Yeah I thought almost nothing changes with -O3 but this one thing… but my information is pretty old :wink:

I come to the conclusion that I don’t know yet what I’m doing; getting results all over the place.

So finally updated the gist again. Gist
j(…) is now a comparing test, calling (at)btimes for both our code versions.

simon:
12.790 ms (116 allocations: 13.72 KiB)
zenon:
34.274 ms (2085420 allocations: 57.48 MiB)

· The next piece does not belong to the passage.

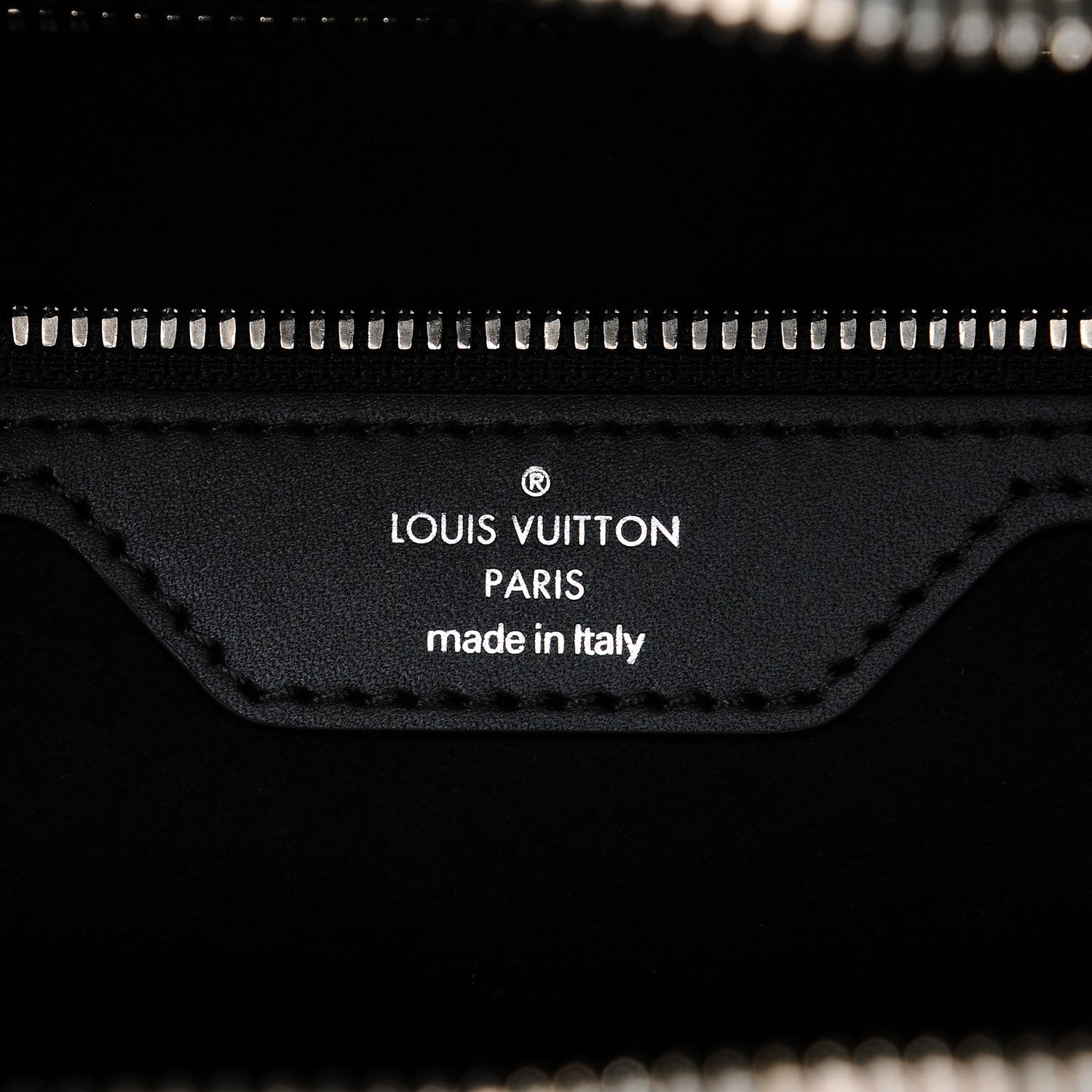 Louis Vuitton X SUPREME Epi Keepall Bandouliere 55 Black 6 of 8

Well this is AFTER I changed my code:

  1. corrected UInt to a concrete UInt32 (change to 32 from 8, seems to do no harm) in my inner loop.
  2. replaced z^2 by z*z (from your code), inner loop
  3. replaced abs by abs2, which seems to be much faster for Complex{Float64} (from your code), inner loop
    4.used (at)inbounds (from your code), but that seemed not to change anything.

So. Many thanks.
I have to leave the large computer again, for 3 days. That was fun!

Kind greetings, z.

Having a quick look at the code, a couple of thoughts:

  • batchify could be replaced by Iterators.partition? But it also should be unnecessary because @threads already statically partitions the work into nthreads batches, I think.
  • In juliaSet you use for y = 1:width. This likely kills performance because width is a global variable. You can use size(dataGrid,2) instead.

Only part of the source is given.